The LSTM used for comparison with the VAE described above is identical to the architecture employed in the previous post.
While with the VAE, an fnn_multiplier of 1 yielded sufficient regularization for all noise levels, some more experimentation
was needed for the LSTM: At noise levels 2 and 2.5, that multiplier was set to 5.

As a result, in all cases, there was one latent variable with high variance and a second one of minor importance. For all
others, variance was close to 0.

In all cases here means: In all cases where FNN regularization was used. As already hinted at in the introduction, the main
regularizing factor providing robustness to noise here seems to be FNN loss, not KL divergence. So for all noise levels,
besides FNN-regularized LSTM and VAE models we also tested their non-constrained counterparts.

Low noise

Seeing how all models did superbly on the original deterministic series, a noise level of 1 can almost be treated as
a baseline. Here you see sixteen 120-timestep predictions from both regularized models, FNN-VAE (dark blue), and FNN-LSTM
(orange). The noisy test data, both input (x, 120 steps) and output (y, 120 steps) are displayed in (blue-ish) grey. In
green, also spanning the whole sequence, we have the original Roessler data, the way they would look had no noise been added.


Roessler series with added Gaussian noise of standard deviation 1. Grey: actual (noisy) test data. Green: underlying Roessler system. Orange: Predictions from FNN-LSTM. Dark blue: Predictions from FNN-VAE.

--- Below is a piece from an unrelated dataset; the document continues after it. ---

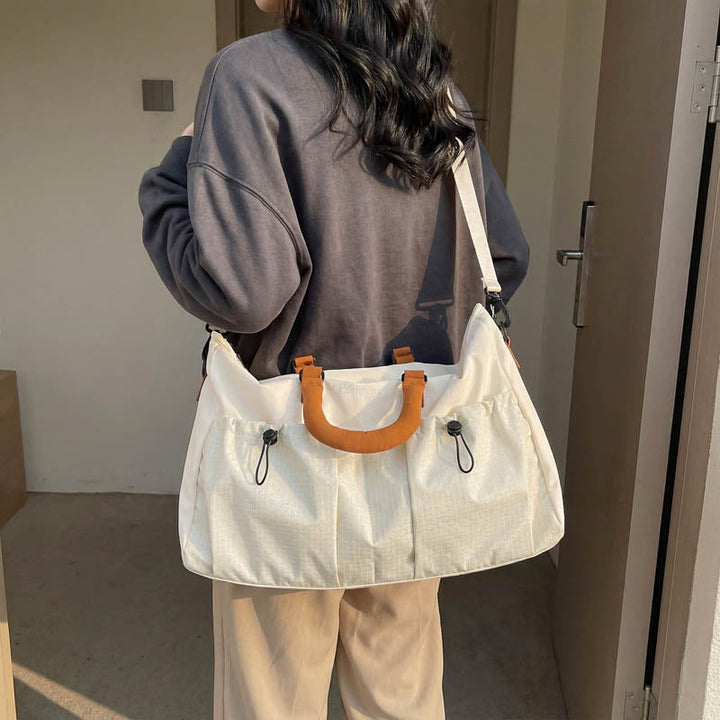 Shopping bag in urban design with versatile compartments Kalsten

Figure 3: Roessler series with added Gaussian noise of standard deviation 1. Grey: actual (noisy) test data. Green: underlying Roessler system. Orange: Predictions from FNN-LSTM. Dark blue: Predictions from FNN-VAE.

Despite the noise, forecasts from both models look excellent. Is this due to the FNN regularizer?

Looking at forecasts from their unregularized counterparts, we have to admit these do not look any worse. (For better
comparability, the sixteen sequences to forecast were initiallly picked at random, but used to test all models and
conditions.)


Roessler series with added Gaussian noise of standard deviation 1. Grey: actual (noisy) test data. Green: underlying Roessler system. Orange: Predictions from unregularized LSTM. Dark blue: Predictions from unregularized VAE.

Figure 4: Roessler series with added Gaussian noise of standard deviation 1. Grey: actual (noisy) test data. Green: underlying Roessler system. Orange: Predictions from unregularized LSTM. Dark blue: Predictions from unregularized VAE.

What happens when we start to add noise?

Substantial noise

Between noise levels 1.5 and 2, something changed, or became noticeable from visual inspection. Let’s jump directly to the
highest-used level though: 2.5.

Here first are predictions obtained from the unregularized models.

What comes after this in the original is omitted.